Mikolaj / horde-ad

Higher Order Reverse Derivatives Efficiently - Automatic Differentiation library based on the paper "Provably correct, asymptotically efficient, higher-order reverse-mode automatic differentiation"
BSD 3-Clause "New" or "Revised" License
33 stars 6 forks source link

Implement matrix multiplication generalized to tensors #69

Open Mikolaj opened 2 years ago

Mikolaj commented 2 years ago

This is a continuation of https://github.com/Mikolaj/horde-ad/issues/64#issuecomment-1250029728.

The idea is to implement

dot :: (ADModeAndNum d r, OS.Shape sh, KnownNat n1, KnownNat n2)
    => ADVal d (OS.Array '[n1, n2] r)
    -> ADVal d (OS.Array (n2 ': sh) r)
    -> ADVal d (OS.Array (n1 ': sh) r)
dot m t = ...

where the extra dimensions in sh behave as in mini-batches, that is, ordinary matrix multiplication is performed for each array contained within the extra dimensions and the results are embedded in the extra dimensions analogously. E.g., if we have one extra dimension of size 3, then matrix multiplication would be performed three times and we'd get a tensor corresponding to a 3-element vector the resulting matrices. We'd need @awf to confirm this is the generalization (and the name) that makes the most sense.

We already have

(<>$) :: (ADModeAndNum d r, KnownNat m, KnownNat n, KnownNat p)
      => ADVal d (OS.Array '[m, n] r)
      -> ADVal d (OS.Array '[n, p] r)
      -> ADVal d (OS.Array '[m, p] r)
(<>$) d e = from2S $ fromS2 d <>! fromS2 e

which should be generalized (and (<>$) most probably used in the generalization, though the (<>!) operation from hmatrix may be used directly as well).

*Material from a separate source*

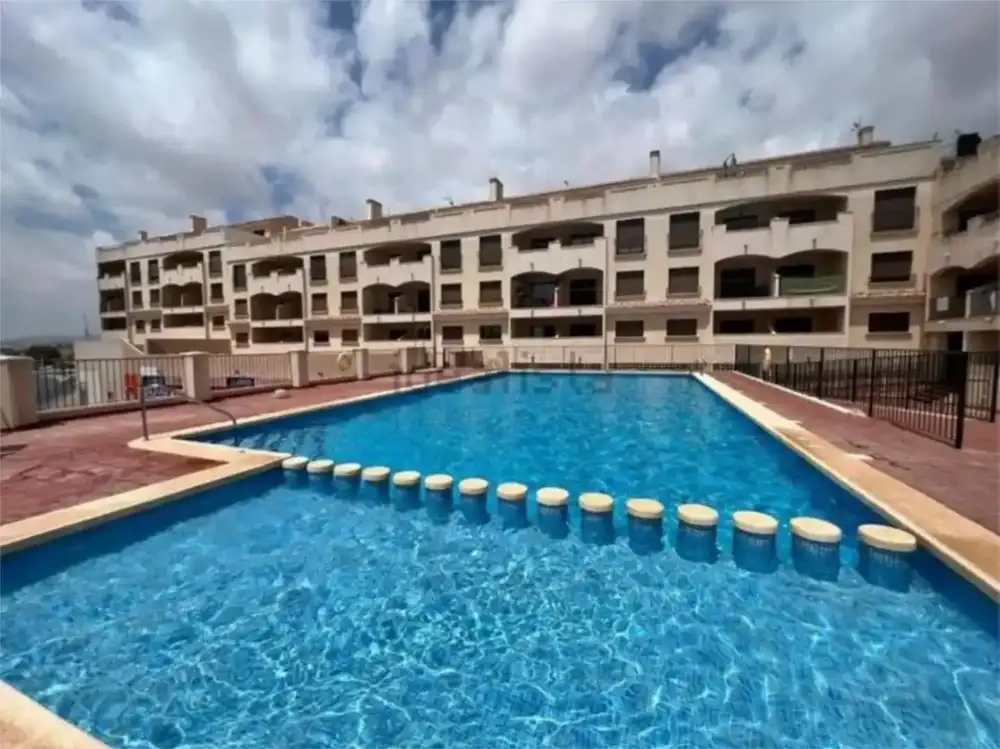 2-bedroom flat with pool in Murcia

Sadly, an elegant solution with the m argument enlarged using broadcast (see https://hackage.haskell.org/package/orthotope/docs/Data-Array-ShapedS.html) and then, after some uses of transpose, matrix multiplication performed in all inner matrices using rerank2, doesn't work. That's because rerank2 requires both its argument tensors to be of exactly equal shape, while arguments to matrix multiplication don't need to have an equal shape. Generalizing rerank2 seems hard, given that we don't even have a dual number counterpart of rerank2 yet (to be done, if at all possible, in #28).

An plausible solution is to turn the t tensor into a list of lists of lists of matrices (the unravel operation), perform the multiplications and roll the lists back into a tensor (the ravel operation). This is going to be tricky to type, because the length of sh is arbitrary, but at least we already have dual number counterparts of unravel and ravel.

awf commented 2 years ago

The best name imo is matMul. One sometimes sees groupedMatMul, but it's not needed.

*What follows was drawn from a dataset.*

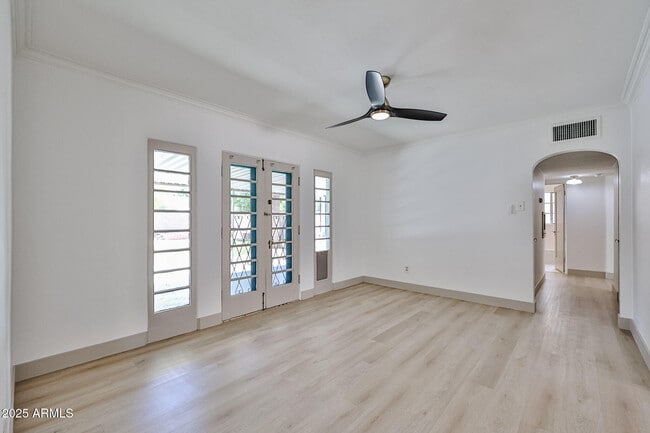 Foto del edificio - 63 W Windsor Ave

Mikolaj commented 2 years ago

A sensible semantics is in the link from https://github.com/Mikolaj/horde-ad/issues/64#issuecomment-1323655853

This should be doable in some form. Either giving it four type-level lists as in the Tensorflow function or, orthotope-style, work on the outermost dimensions, transposing as needed, which is almost free in orthotope. However, I'm not sure how to handle mutliple dimensions to contract and/or batch in the latter API. That might require nested orthotope arrays, which is doable via Data.Array.Shaped, but being boxed, this can be slower than specifying lists of dimensions. Transforming between unboxed and nested boxed is a combination of transpose and ravel/unravel, so it's more noisy than just transpose. Another option is being less general than Tensorflow, with the user having an option to manually ravel/unravel to recover the generality.